Tried to solve it but not able to extract the specific text values only.

Sample PDF file :

Click to view the sample file

Need to Extract Invoice ID, Issue Date, Subject, Amount Due from the whole PDF file.

Script i have used so far:

import PyPDF2
import re
pdfFileObj = open('test.pdf','rb') 
pdfReader = PyPDF2.PdfFileReader(pdfFileObj)
pageObj = pdfReader.getPage(0)         
text = str(pageObj.extractText())

quotes = re.findall(r'"[^"]*"',text)
print(quotes)

Are you trying to capture the values of Invoice ID, Issue Date, Subject, Amount Due or jus these text — Seyi Daniel, Oct 04 '20 at 15:52
@SeyiDaniel - Yes, Exactly i am trying to extract the values for these sections from the whole pdf . — Manz, Oct 05 '20 at 06:56

D-E-N · Accepted Answer · 2020-10-05T19:36:20.663

You have a very nice pdf document, because your pdf has form fields, so you can use them directly to read the data:

import PyPDF2


pdfFileObj = open('test.pdf', 'rb')
pdfReader = PyPDF2.PdfFileReader(pdfFileObj)
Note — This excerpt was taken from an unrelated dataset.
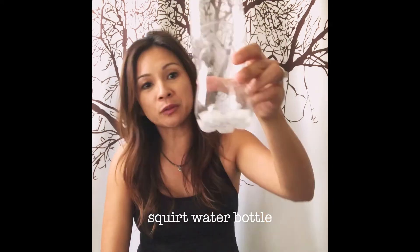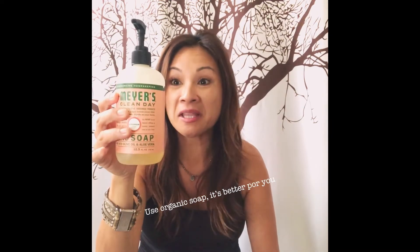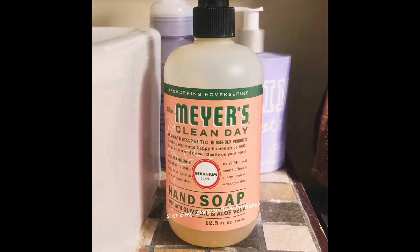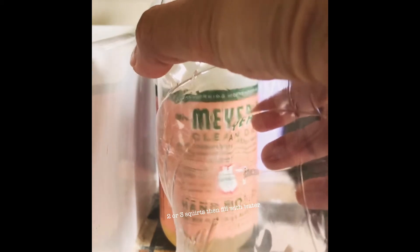We need two very simple ingredients. The first ingredient is this — it's already soapy because it's actually been used. The second is soap. I like to use this one because it's nice. The first thing you do is fill this water bottle — my version of the tabo — with two or three squirts of soap, and then you fill it up with water.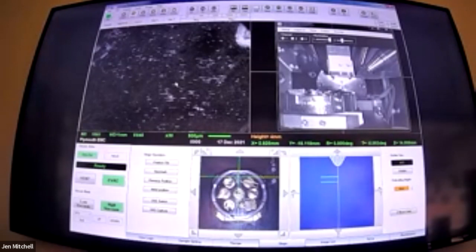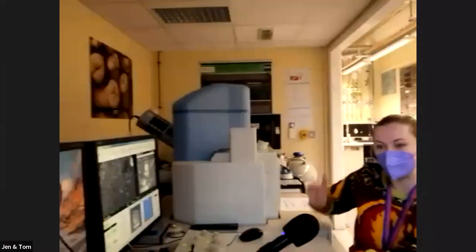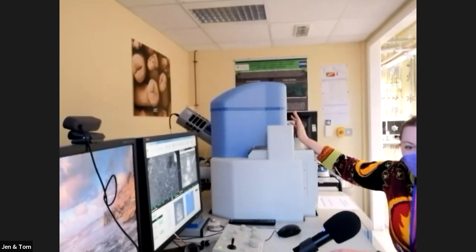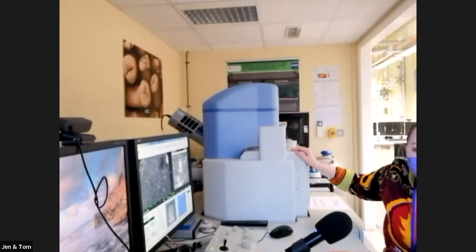Today we are on our JEOL 6610. Tom can spin the camera around and get a nice little view. So far we've been using our JEOL 7001, which is in a different corridor, but today we've got this little guy. It works kind of the same way, but rather than having a field emission gun at the top shooting electrons down, we have a tungsten filament, which is kind of like an old-fashioned light bulb, and that's what's making our electrons. This one has an extra feature, which is a variable vacuum.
fields = pdfReader.getFormTextFields()

print(fields["Invoice ID"])
print(fields["Issue Date"])
print(fields["Subject"])
print(fields["Amount Due"])

EDIT: I combined your requested data (from here: How to extract only specific text from PDF file using python) in a little script with 3 opportunities of parsing the pdf (for your 3 pdfs). The problem is your pdfs have a lot of differences and the packages have some advantages on different pdfs, so i think you have to combine this stuff. The thing is, that you try all functions, till it gets a result. I hope this is an good start for you. You may have to change the regexes, if you have more different pdfs and may you have to store all regex (per field) in an array and use them on the different functions so you have 3 functions for parsing and 4 lists of regexes to use in 2 of the functions.

import PyPDF2
import re
import os

from io import StringIO

from pdfminer.converter import TextConverter
from pdfminer.layout import LAParams
from pdfminer.pdfdocument import PDFDocument
from pdfminer.pdfinterp import PDFResourceManager, PDFPageInterpreter
from pdfminer.pdfpage import PDFPage
from pdfminer.pdfparser import PDFParser


def parse_pdf_by_regex_2(filename: str) -> dict:
    output_string = StringIO()
    with open(filename, 'rb') as in_file:
        parser = PDFParser(in_file)
        doc = PDFDocument(parser)
        rsrcmgr = PDFResourceManager()
        device = TextConverter(rsrcmgr, output_string, laparams=LAParams())
        interpreter = PDFPageInterpreter(rsrcmgr, device)
        for page in PDFPage.create_pages(doc):
            interpreter.process_page(page)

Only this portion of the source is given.